Seguiu-se o desfile colectivo de sapatos e marroquinaria. Depois foi a vez da marca Concreto, que nasceu em 1990 e é distribuída pelo grupo Valerius Têxteis, e da designer de moda Micaela Oliveira que surpreendeu com vestido fluidos, e uma colecção para criança.

Nesta 44.ª edição do Portugal Fashion ainda estiveram debaixo dos holofotes Manuel Alves e José Manuel Gonçalves com criações intemporais. “É uma colecção mais emocional, o streetwear conjugado com um glamour sofisticado, como as mangas acolchoadas”, descreve Manuel Alves no final do desfile. As peças são pensadas para uma mulher mais emocional, cosmopolita e culta. Mas o ADN da marca está lá com o “feminino exacerbado” nas peças de vestuário feitas de verniz e seda ou até mesmo nas saias plissadas e nas botas inspiradas nos anos 1970. 

Luís Onofre fechou a noite do terceiro dia do Portugal Fashion e pôs a assistência de olhos no chão para ver uma colecção inspirada na neve e na montanha. “Peguei em pormenores das botas de neve e adaptei-os ao calçado mais causal, que possa ser usado no dia-a-dia”, elucida o criador que apresentou 46 quadros femininos e masculinos. “São mais confortáveis e mais clean em termos de aplicações”, descreve horas antes do desfile, entre a azáfama normal dos bastidores.
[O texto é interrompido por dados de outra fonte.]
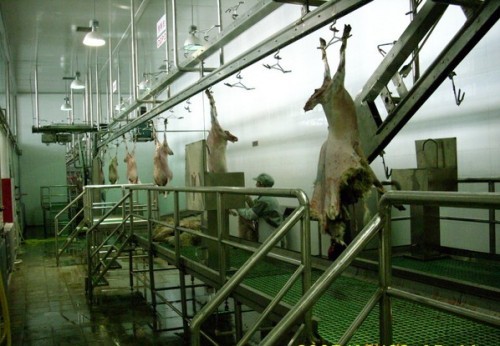 屠宰设备及肉类初加工设备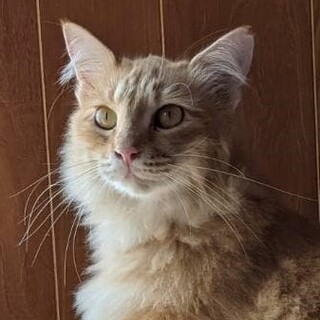 人馴れ甘えん坊、ふわふわ長毛茶白のキナコちゃん！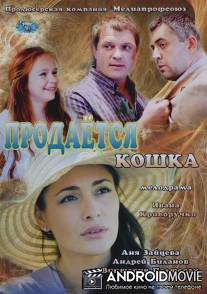 Продается кошка / Prodaetsya koshka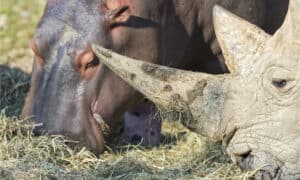 Late Night Standoff Between Hippo and Rhino Shows Who Is Really Boss Picture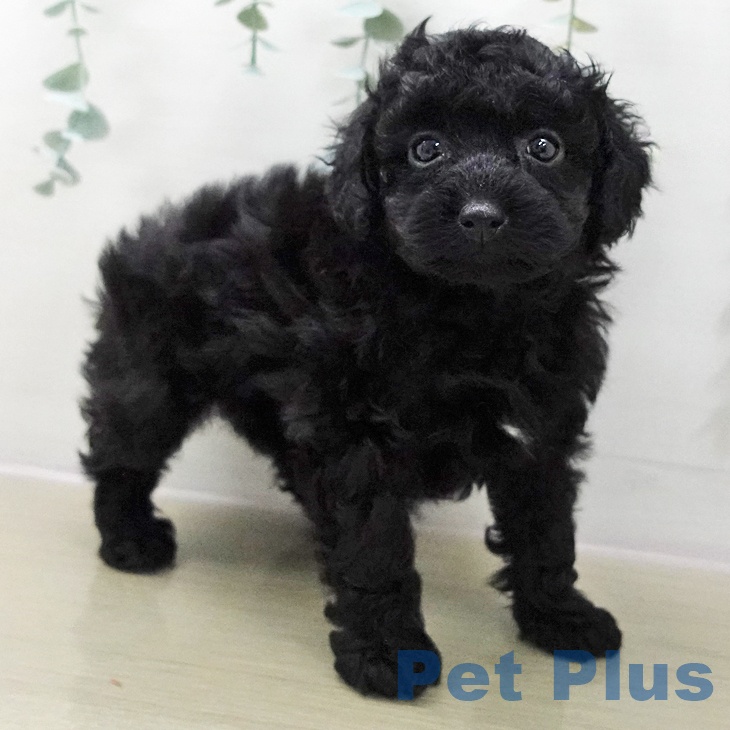 トイ・プードルの写真2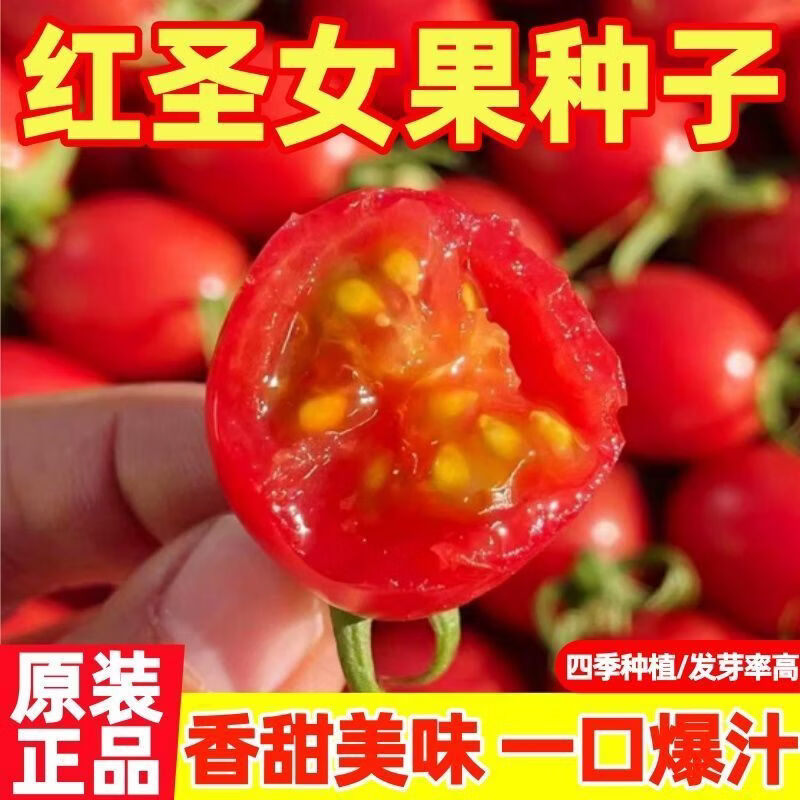 红圣女果种子超甜爆千禧小番茄阳台盆栽庭院高产水果蔬菜种子大全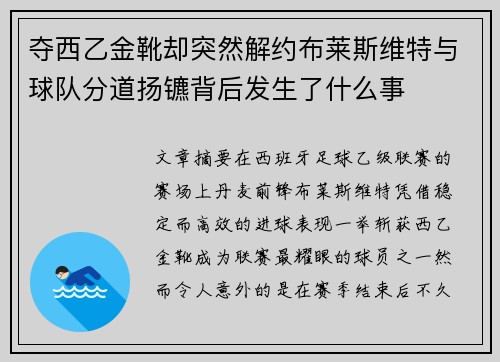 夺西乙金靴却突然解约布莱斯维特与球队分道扬镳背后发生了什么事 夺西乙金靴却突然解约布莱斯维特与球队分道扬镳背后发生了什么事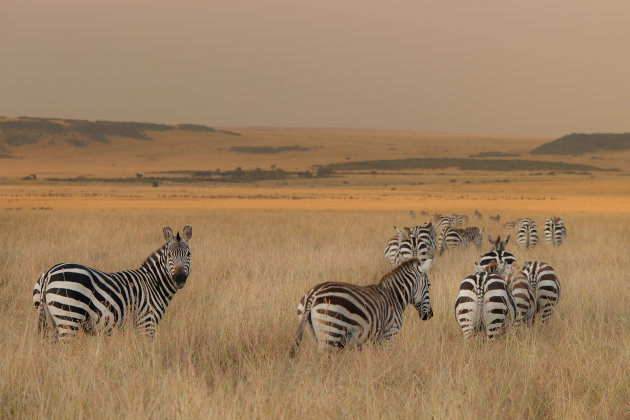 Migratie zebra's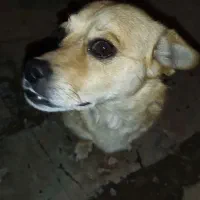 سگ نژاد دار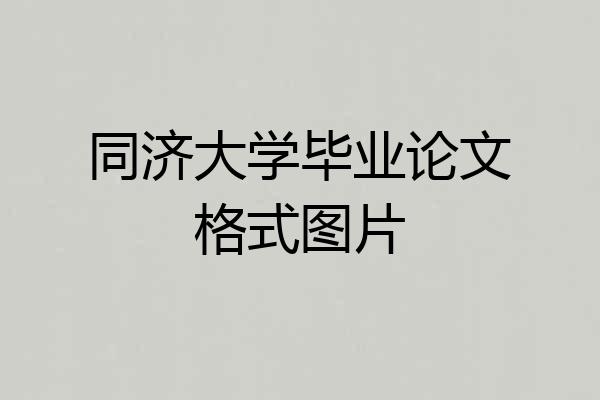 同济大学毕业论文格式图片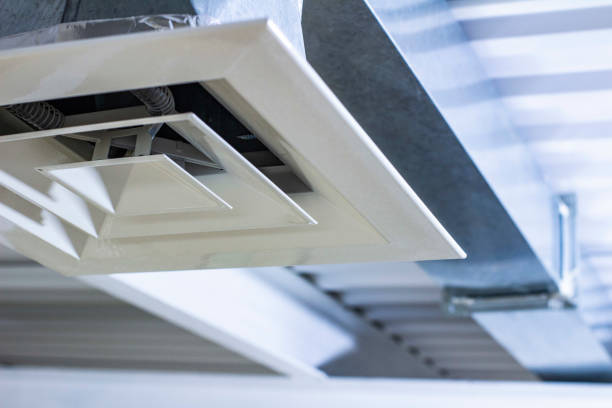 Best Affordable Duct Cleaning Services  in Panthersville, GA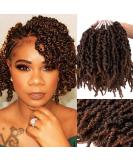 3 Packs Short Curly Spring Pre-twisted Braids Syntheti Crochet Hair Extensions 10 inch 15 strands/pack Ombre Fiber Fluffy Twist Braiding Hair Bulk (10 T1B/30) 10 Pre-twisted (pack of 3) T1B/30 - Buy Online on GoSupps.com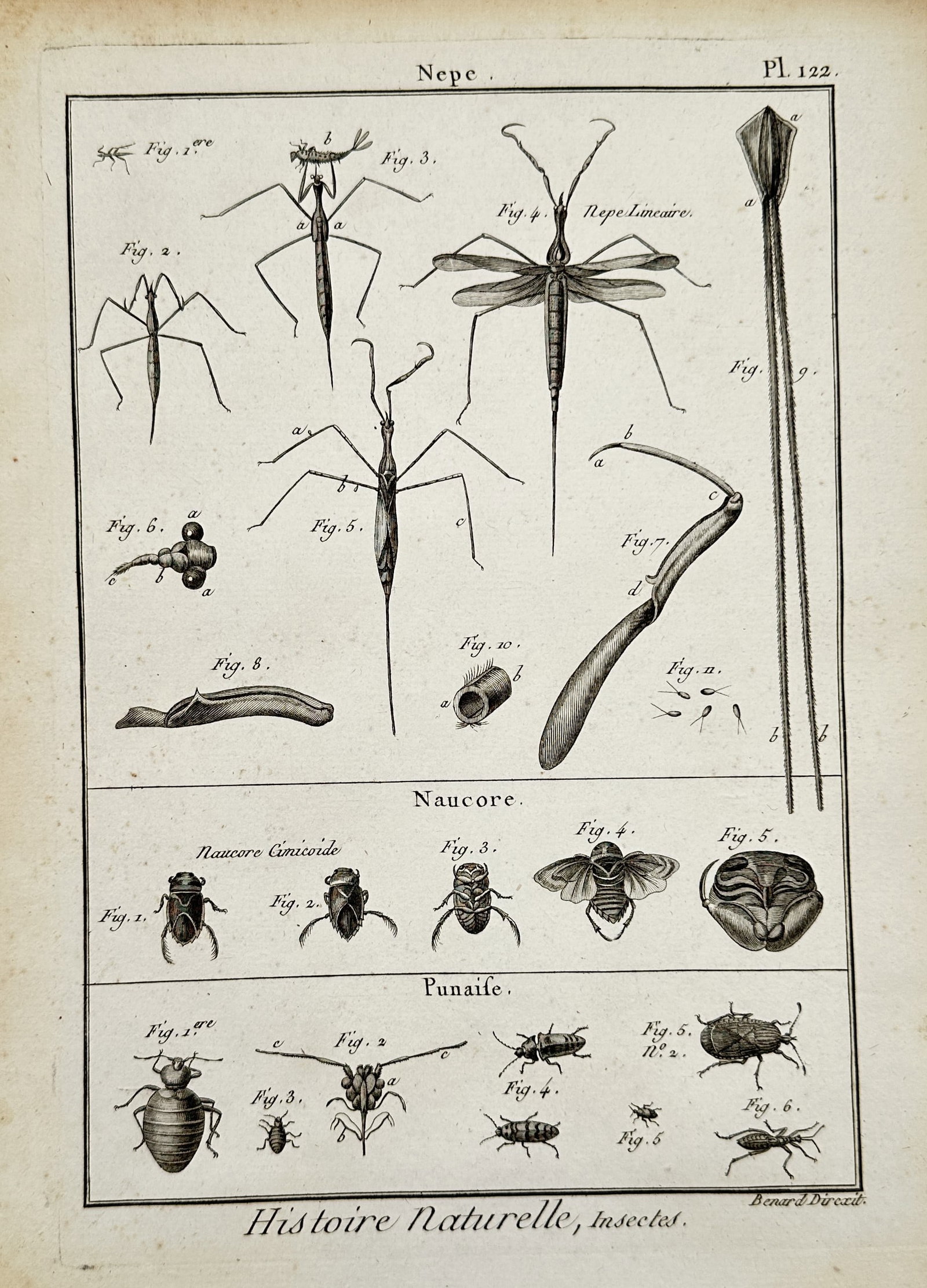 Robert Benard (1734–1777) – Study of Water Scorpions, Backswimmers, and Bedbugs – Engraving: "Nepe. Naucore. Punaise." and "Histoire Naturelle, Insectes." illustrates a comparative entomological study of various hemipteran insects, including the water scorpion, the saucer bug, and the common 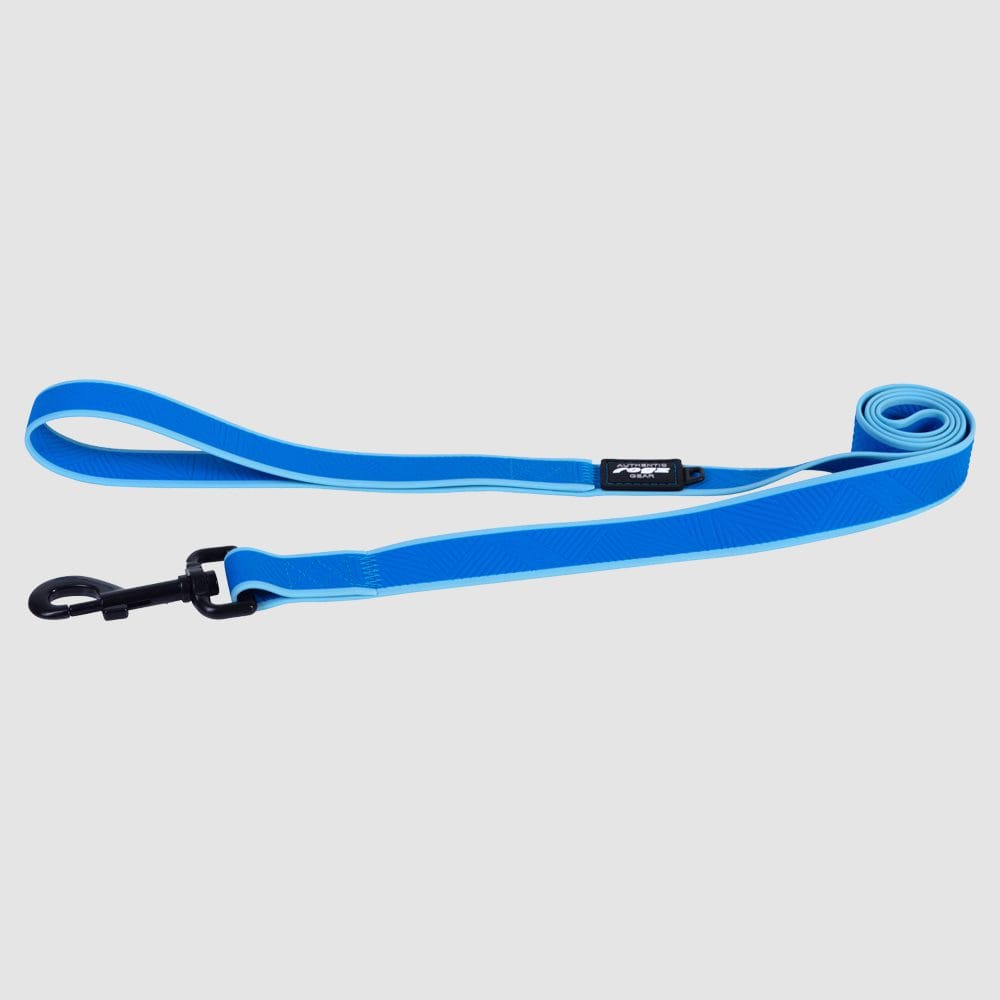 Rogz Collars / Leads Blue / Medium Rogz Amphibian Classic Dog Lead
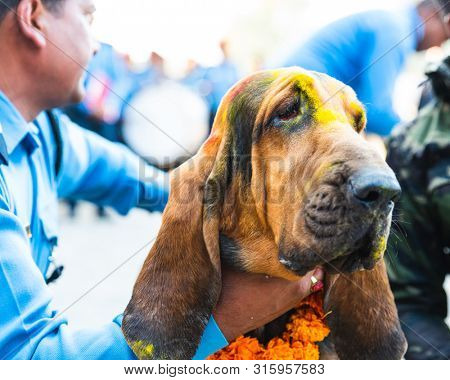 KATHMANDU, NEPAL - NOVEMBER 6, 2018: Nepal police celebrates Kukur Tihar (dog festival) at Central Police Dog Training School.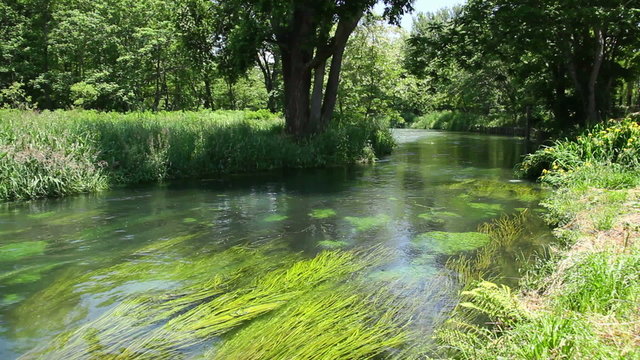 Green stream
Luís Onofre, que foi recentemente nomeado presidente da Confederação Europeia do Calçado, está, aliás, a personalizar as botas e sandálias, feitas à medida, nas suas lojas. Já a colecção de homem é mais clássica e com acabamentos manuais. O criador tem na sua carteira de clientes personalidades como Letizia Ortiz, Michelle Obama, Naomi Watts ou Paris Hilton. 

O 44.º Portugal Fashion termina neste domingo com a moda infantil em destaque pela primeira vez na passerelle. E finaliza com tarde cheia com Marques’Almeida, dos criadores Marta Marques e Paulo Almeida, além de Alexandra Moura, Carla Pontes e David Catalán.